On the ROI of Parallel Performance Optimization

Bernd Mohr
Jülich Supercomputing Center, Germany

Developers and users of HPC applications can count on free advice from European experts to analyse the performance of their scientific codes. The Performance Optimization and Productivity (POP) Centre of Excellence, funded by the European Commission under H2020, gathers together experts from BSC, IT4I, JSC, HLRS, RWTH Aachen NAG, Teratec, and UVSQ. A first phase ran from October 2015 to March 2018, and the CoE got renewed for another 3 years at December 2018. The objective of POP is to provide performance measurement and analysis services to the industrial and academic HPC community, help them to better understand the performance behaviour of their codes and suggest improvements to increase their efficiency. Training and user education regarding application tuning is also provided. Further information can be found at https://www.pop-coe.eu/.

The talk will briefly introduce the POP CoE, its objectives, and its performance analysis and optimization services provided to the community. Details about the tools, methods, and metrics used for the services will also be given. The main part of presentation will report on statistics, outcomes, and success stories from the over 150 performance assessments already performed so far during the project. The talk will conclude with lessons learned from providing performance analysis and optimization in a service-oriented professional setting. .

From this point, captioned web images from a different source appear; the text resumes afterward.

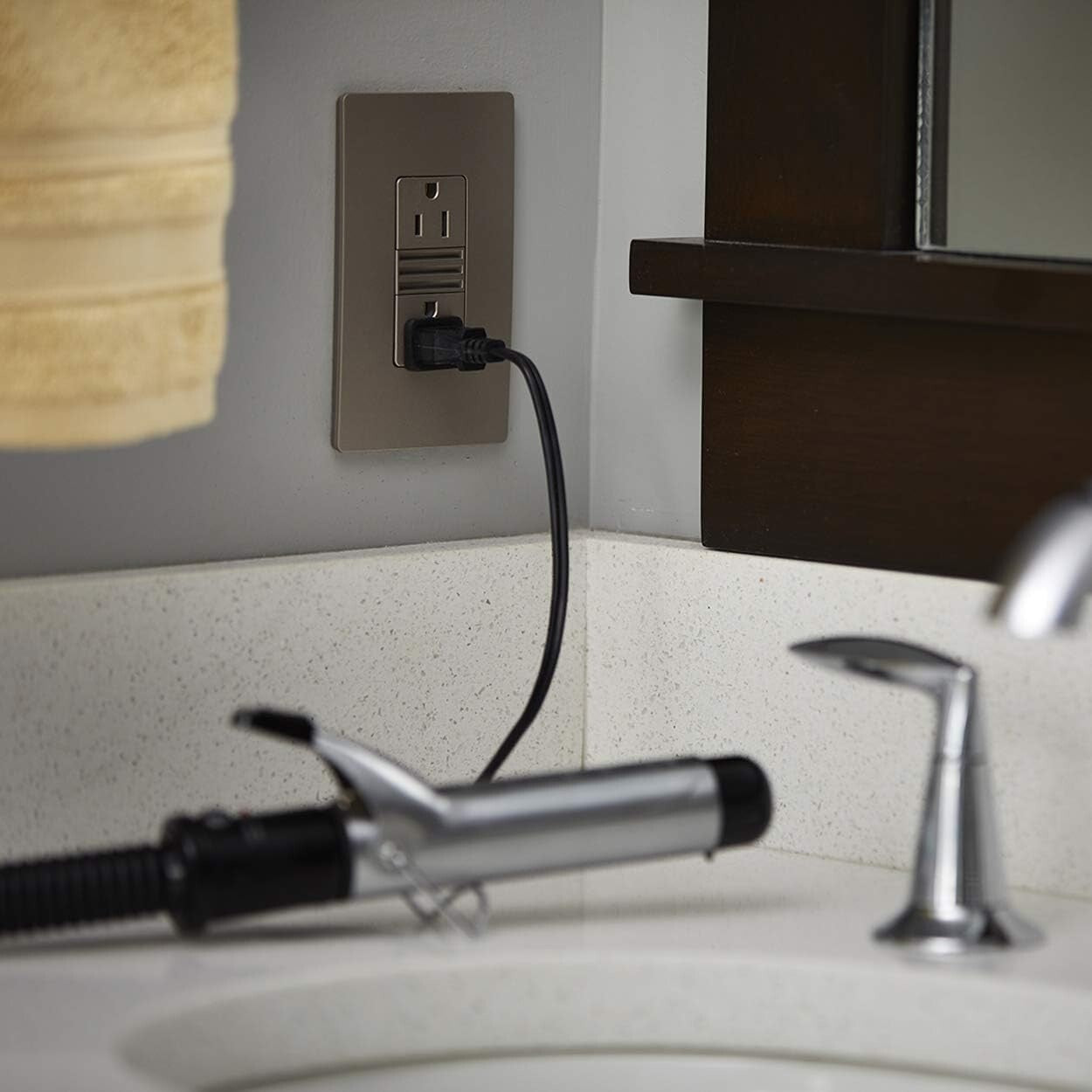 Legrand Radiant 15 Amp LED Night Light Outlet - Adjustable & Tamper Resistant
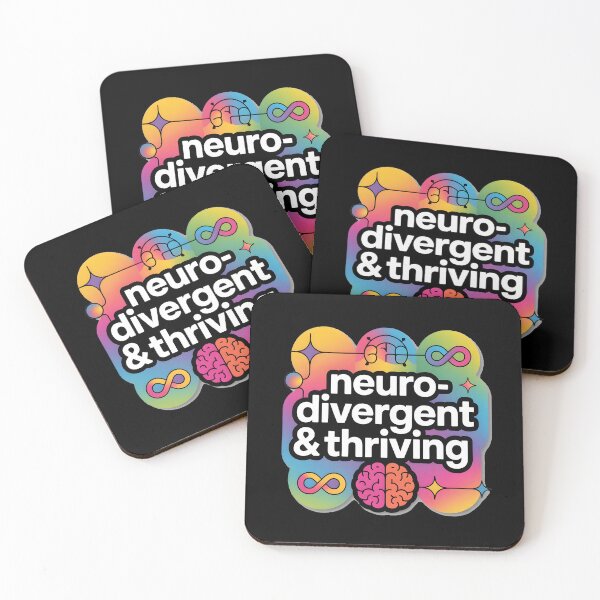 Item preview, Neurodivergent & Thriving – Neurodiversity Pride Graphic Design designed and sold by ImaginedSpace7.
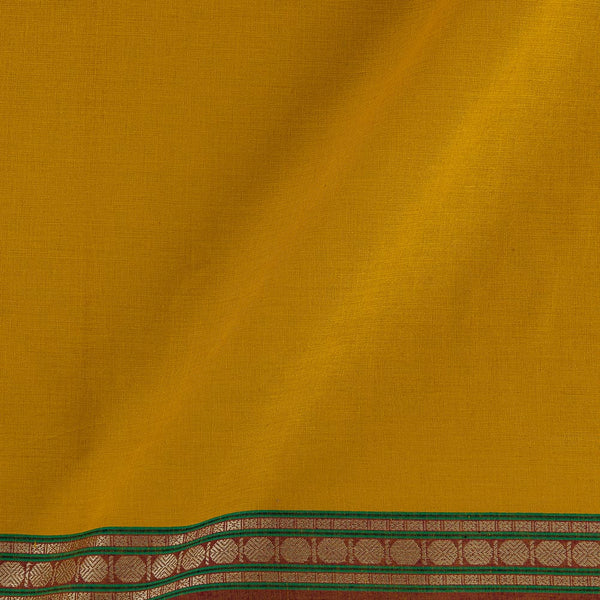 Buy South Cotton Mustard Colour  Daman Jari Border Fabric Online 95797C3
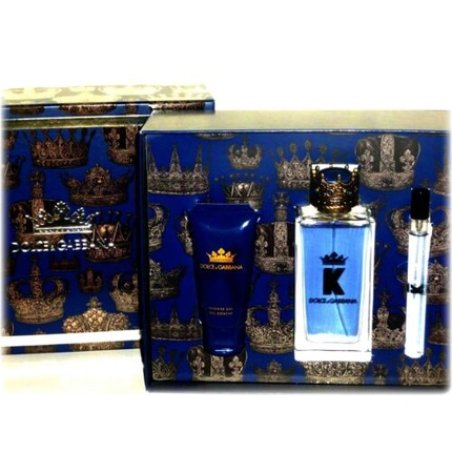 Dolce & Gabbana K King Luxury Set EDT 100ml 10ml EDT 50ml Shower Gel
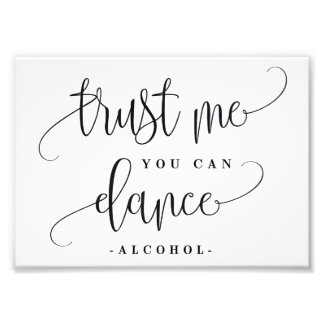 あなたはダンスバーのサインあなたのサイズを選択ラブリー フォトプリント           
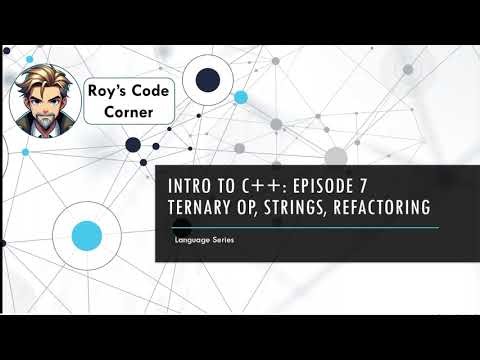 C++ Ternary ?: + std::string Basics — Refactor with DRY (Stop Repeating Code!)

Towards Secure Computing Environments
Jose Moreira
IBM, T. J. Watson Research Lab., USA

Cyber security threats and vulnerabilities draw more public attention to computing than any other issue, and rightly so. Millions of people are impacted every year by unexpected attacks, to varying degree of financial losses. It is no surprise that the community, including government, industry and academia, are paying a lot more attention to the problem. In this talk, we will cover some of the basic forms of attacks that threaten our computing systems. We will also discuss what are the architectural innovations being developed and deployed in computer systems to counter those attacks. We plan to discuss a broad range of issues, including return-oriented and jump-oriented programming, memory encryption, memory integrity, side-channel attacks, and homomorphic computing. We will conclude the talk with a list of specific actions that can make our computing systems more secure.

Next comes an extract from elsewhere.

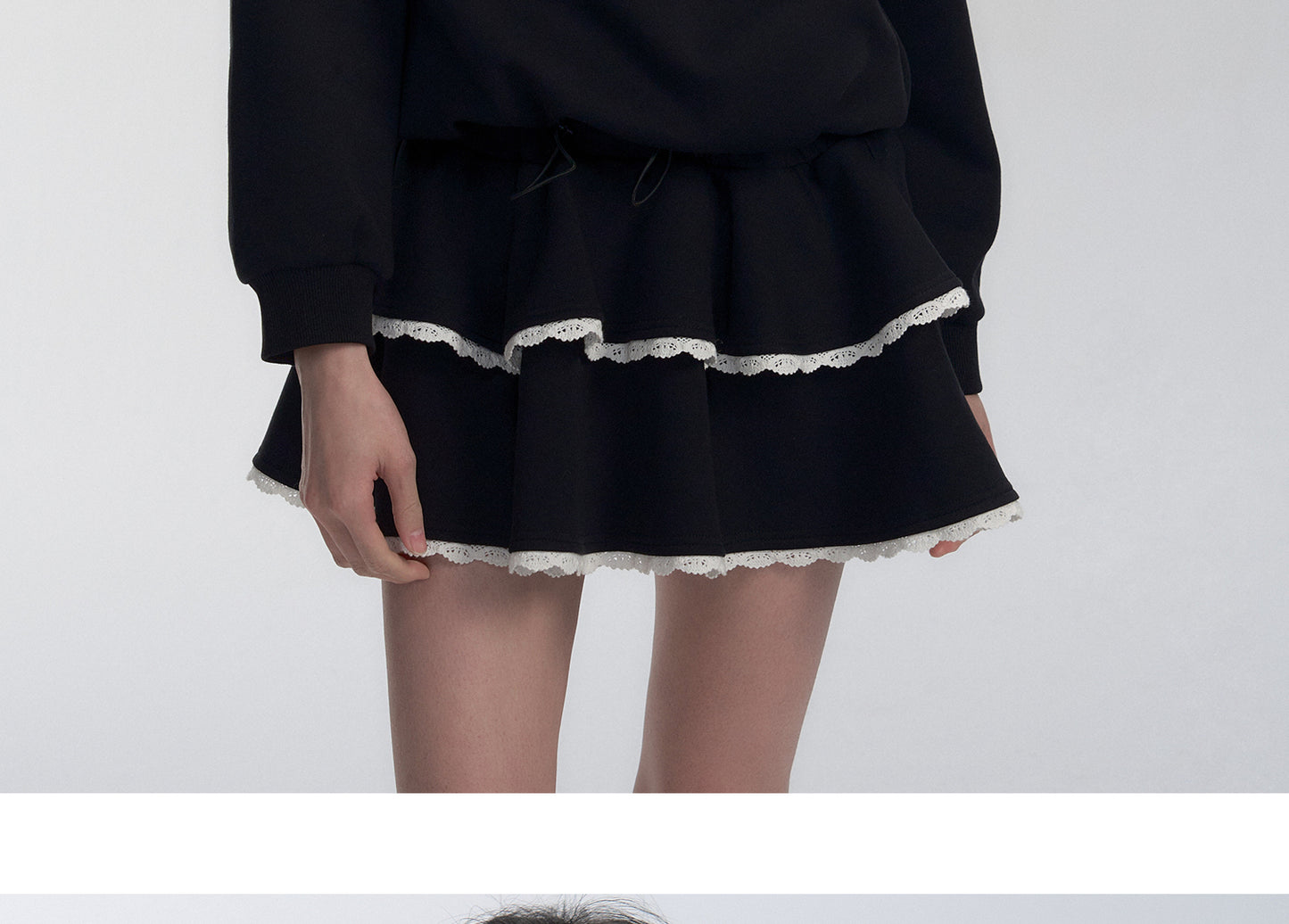 Adjustable Waist Cotton Jersey Dress With Lace Angel Patch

Large Capacity Memory Systems with Intel(R) Optane DC Memory: An Introduction

Ramesh Peri
Intel, USA

A new kind of memory, based on flash technology, that is lot more dense than traditional DRAM but with more latency is available in the market today. The high density of this memory technology enables semiconductor manufacturers to build memory DIMMs with very large capacity. One such product is Intel(R) Optane DC Persistent Memory which allows a user to build a compute platform containing up to 6TB of main memory. In this talk we introduce the system architecture of such a compute platform and share the performance results of few graph algorithms, operating on very large graphs, that use significant portion of the memory capacity of this machine. We will also share details of optimizations we had to do to achieve good performance in operating system and in user code. We will introduce some development tools that are available for these machines that were useful in tuning applications so that they run efficiently on these large memory capacity machines.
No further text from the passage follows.